It’s the Four-Color Bullet Christmas Special!
Starring Superman! Batman! Spider-Man! Hellboy! The X-Men! The Justice League of America! Santa Claus! And More!
Welcome to The Four-Color Bullet Christmas Special, Kryptonics! Usually, Four-Color Bullet is where I review my comic book picks of the week. But naturally I had to have a Christmas Special! I have in my big red sack of goodies what I think are the top 12 Christmas comic books stories of all time. We begin with one Peter Parker, the Spectacular Spider-Man.
12) The Spectacular Spider-Man #112: “You Never Make a Sound” (Marvel, 1986)
Writer Peter David crafted this Christmas tale about a Macy’s-employed Santa Claus who is asking visiting children for their addresses with the intent of robbing their houses. And Dark St. Nick’s next victim is none other than Peter’s neighbor Bambi and her son Jordan.

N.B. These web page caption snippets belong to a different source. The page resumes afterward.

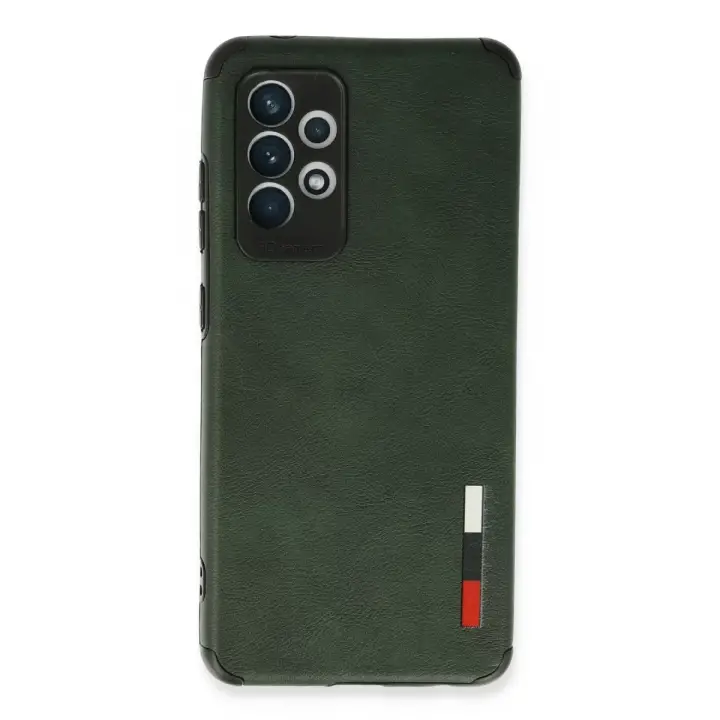 Newface Samsung Galaxy A72 Kılıf Loop Deri Silikon - Yeşil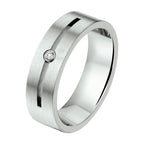 Ring a506 - 6 mm - met cz edelstaal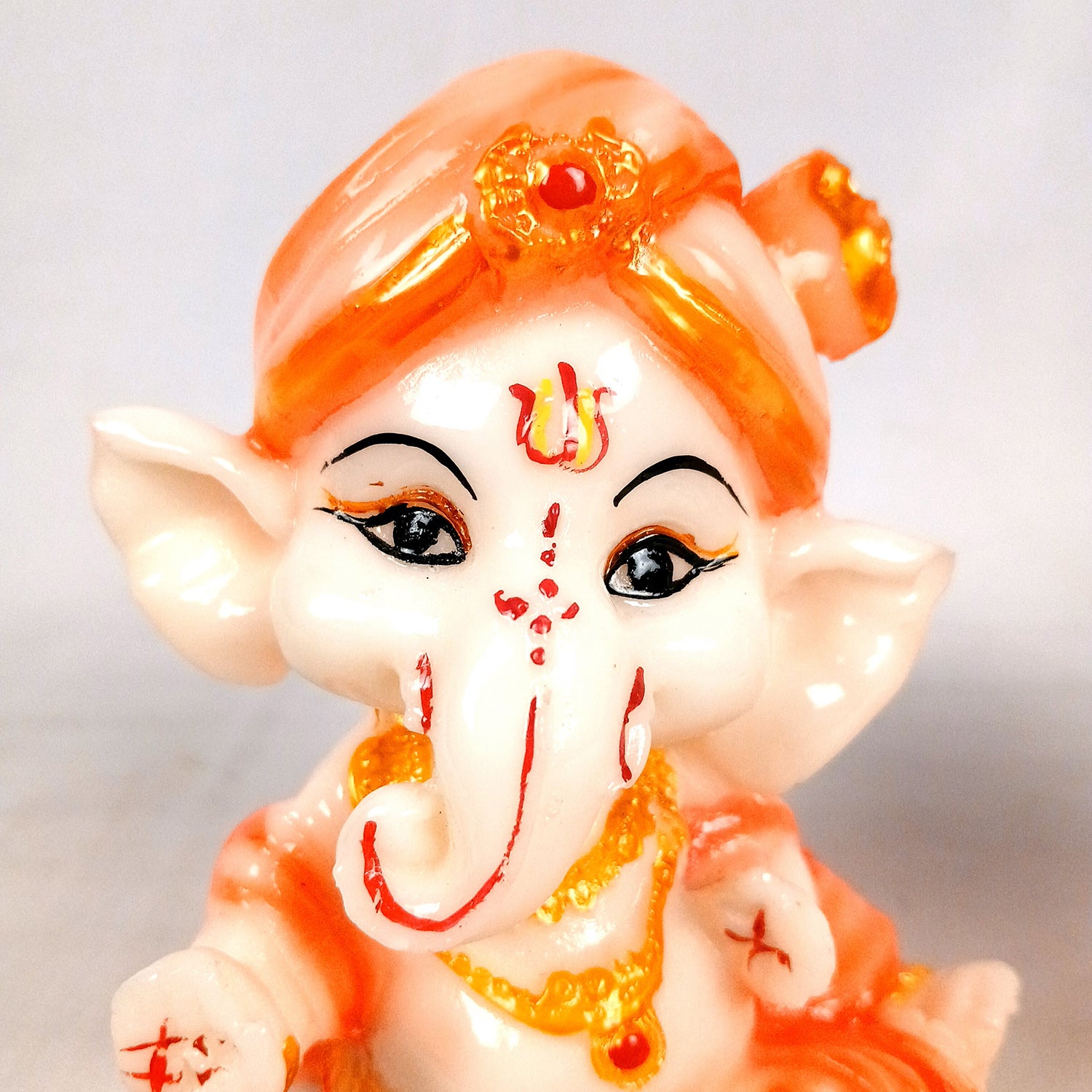 Ganesh Statue | Shri Ganesha Idol - for Home, Living Room, Office Decor, Puja, Car Dashboard & Gifts - 4 Inch (Pack of 2) - Apkamart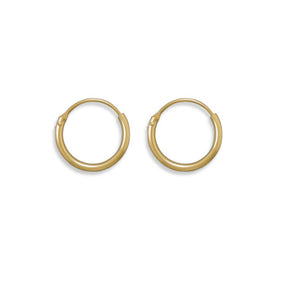 12/20 Gold Filled 1mm x 13mm Hoops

Santa breaks into Bambi’s apartment, gun in hand and looting the place, when Bambi surprises him. Peter’s Spider-Sense goes off, alerting him to the danger. He changes into Spider-Man and crashes into Bambi’s window to stop the sinister Santa.
Santa leads Spidey on a merry chase to the roof, but when Santa gets there, he runs smack into another red-boot-wearing individual. The real Santa Claus! And he’s not very jolly. And when Spidey gets to the roof, Dirty Santa is nowhere to be found.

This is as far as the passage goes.